在 NFL 死工资管道中,运用 DuckDB 的最佳实践指南。

SKILL.md
--- frontmatter
name: DuckDB Standards
description: Best practices for DuckDB usage in the NFL Dead Money pipeline.

DuckDB Standards

1. Connection Management

  • Use short-lived connections for scripts (duckdb.connect(DB_PATH)).
  • Always con.close() to release the lock file.

2. Upsert Pattern (Incremental Load)

When loading data for a specific period (e.g., Year 2024), use the Delete-Insert pattern to ensure idempotency.

python
# Create table if not exists (Empty Limit 0 trick)
con.execute("CREATE TABLE IF NOT EXISTS my_table AS SELECT * FROM df LIMIT 0")

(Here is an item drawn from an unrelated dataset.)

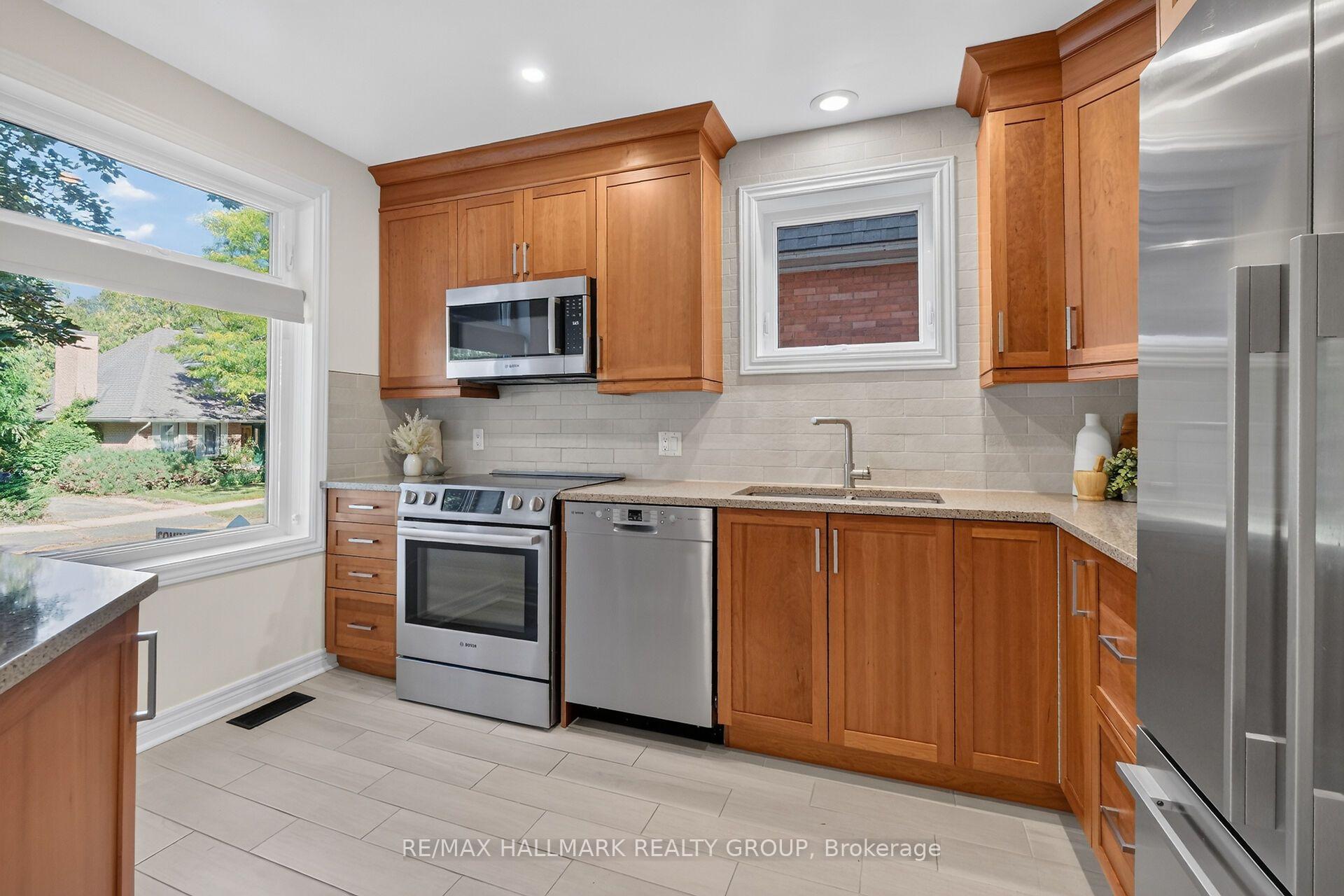 Photo 14 of 151 Crichton Street, Ottawa, New Edinburgh — HOMEH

# Delete existing data for the partition
con.execute("DELETE FROM my_table WHERE year = 2024")

# Insert new data
con.execute("INSERT INTO my_table BY NAME SELECT * FROM df")

3. Performance

  • Use BY NAME in inserts to handle column order changes gracefully.
  • For large CSV loads, use read_csv_auto directly in SQL rather than Pandas when possible, UNLESS you need complex Python-side cleaning (like our clean_doubled_name logic).